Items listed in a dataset
┄┄┄┄┄┄┄┄┄┄

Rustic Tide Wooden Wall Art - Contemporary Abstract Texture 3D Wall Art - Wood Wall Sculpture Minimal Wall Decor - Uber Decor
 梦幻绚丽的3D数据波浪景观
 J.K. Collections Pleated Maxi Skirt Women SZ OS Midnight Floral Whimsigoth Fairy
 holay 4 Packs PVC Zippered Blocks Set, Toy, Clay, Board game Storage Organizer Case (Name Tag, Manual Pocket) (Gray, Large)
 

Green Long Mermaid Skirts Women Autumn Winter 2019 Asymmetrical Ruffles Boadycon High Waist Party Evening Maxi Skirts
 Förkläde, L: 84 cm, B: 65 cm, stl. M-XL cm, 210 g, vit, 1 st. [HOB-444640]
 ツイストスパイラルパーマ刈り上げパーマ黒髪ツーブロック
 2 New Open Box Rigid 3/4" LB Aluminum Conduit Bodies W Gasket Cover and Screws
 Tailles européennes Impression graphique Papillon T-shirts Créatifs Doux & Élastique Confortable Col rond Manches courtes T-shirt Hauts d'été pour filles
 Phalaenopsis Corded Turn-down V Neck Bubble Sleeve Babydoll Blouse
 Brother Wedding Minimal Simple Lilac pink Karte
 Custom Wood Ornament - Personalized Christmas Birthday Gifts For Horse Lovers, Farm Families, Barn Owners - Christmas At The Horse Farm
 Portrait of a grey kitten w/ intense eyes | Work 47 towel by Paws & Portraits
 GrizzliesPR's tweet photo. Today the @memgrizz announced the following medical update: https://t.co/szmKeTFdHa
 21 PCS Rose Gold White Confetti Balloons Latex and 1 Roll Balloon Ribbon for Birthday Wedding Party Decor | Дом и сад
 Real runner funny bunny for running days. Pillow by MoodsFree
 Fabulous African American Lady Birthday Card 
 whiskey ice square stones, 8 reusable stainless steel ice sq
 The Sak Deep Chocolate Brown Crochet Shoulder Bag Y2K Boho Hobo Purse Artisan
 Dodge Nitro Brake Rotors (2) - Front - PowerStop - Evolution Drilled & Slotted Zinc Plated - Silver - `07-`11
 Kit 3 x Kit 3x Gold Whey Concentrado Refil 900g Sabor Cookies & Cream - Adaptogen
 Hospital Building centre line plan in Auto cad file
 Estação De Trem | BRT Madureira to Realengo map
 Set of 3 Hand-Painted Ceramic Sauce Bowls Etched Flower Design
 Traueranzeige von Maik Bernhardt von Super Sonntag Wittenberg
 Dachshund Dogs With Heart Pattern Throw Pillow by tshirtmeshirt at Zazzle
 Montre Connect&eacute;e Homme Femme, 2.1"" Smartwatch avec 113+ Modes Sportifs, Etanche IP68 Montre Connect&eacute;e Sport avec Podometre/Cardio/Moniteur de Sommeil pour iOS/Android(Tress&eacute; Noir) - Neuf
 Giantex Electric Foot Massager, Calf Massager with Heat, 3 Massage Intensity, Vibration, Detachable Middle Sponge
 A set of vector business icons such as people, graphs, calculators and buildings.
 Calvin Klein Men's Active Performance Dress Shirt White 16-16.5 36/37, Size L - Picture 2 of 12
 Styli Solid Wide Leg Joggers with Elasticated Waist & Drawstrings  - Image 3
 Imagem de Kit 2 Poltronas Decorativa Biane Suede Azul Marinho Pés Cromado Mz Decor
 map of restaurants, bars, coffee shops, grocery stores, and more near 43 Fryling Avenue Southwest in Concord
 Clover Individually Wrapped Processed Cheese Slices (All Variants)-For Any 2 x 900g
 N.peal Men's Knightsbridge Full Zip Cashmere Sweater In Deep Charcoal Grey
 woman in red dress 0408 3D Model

┄┄┄┄┄┄┄┄┄┄

What is expected>
What is needed is every line from the beginning of the data up to and including the line with "GrizzliesPR's tweet photo.", given again word for word.

Response to this exercise>
Rustic Tide Wooden Wall Art - Contemporary Abstract Texture 3D Wall Art - Wood Wall Sculpture Minimal Wall Decor - Uber Decor
 梦幻绚丽的3D数据波浪景观
 J.K. Collections Pleated Maxi Skirt Women SZ OS Midnight Floral Whimsigoth Fairy
 holay 4 Packs PVC Zippered Blocks Set, Toy, Clay, Board game Storage Organizer Case (Name Tag, Manual Pocket) (Gray, Large)
 

Green Long Mermaid Skirts Women Autumn Winter 2019 Asymmetrical Ruffles Boadycon High Waist Party Evening Maxi Skirts
 Förkläde, L: 84 cm, B: 65 cm, stl. M-XL cm, 210 g, vit, 1 st. [HOB-444640]
 ツイストスパイラルパーマ刈り上げパーマ黒髪ツーブロック
 2 New Open Box Rigid 3/4" LB Aluminum Conduit Bodies W Gasket Cover and Screws
 Tailles européennes Impression graphique Papillon T-shirts Créatifs Doux & Élastique Confortable Col rond Manches courtes T-shirt Hauts d'été pour filles
 Phalaenopsis Corded Turn-down V Neck Bubble Sleeve Babydoll Blouse
 Brother Wedding Minimal Simple Lilac pink Karte
 Custom Wood Ornament - Personalized Christmas Birthday Gifts For Horse Lovers, Farm Families, Barn Owners - Christmas At The Horse Farm
 Portrait of a grey kitten w/ intense eyes | Work 47 towel by Paws & Portraits
 GrizzliesPR's tweet photo. Today the @memgrizz announced the following medical update: https://t.co/szmKeTFdHa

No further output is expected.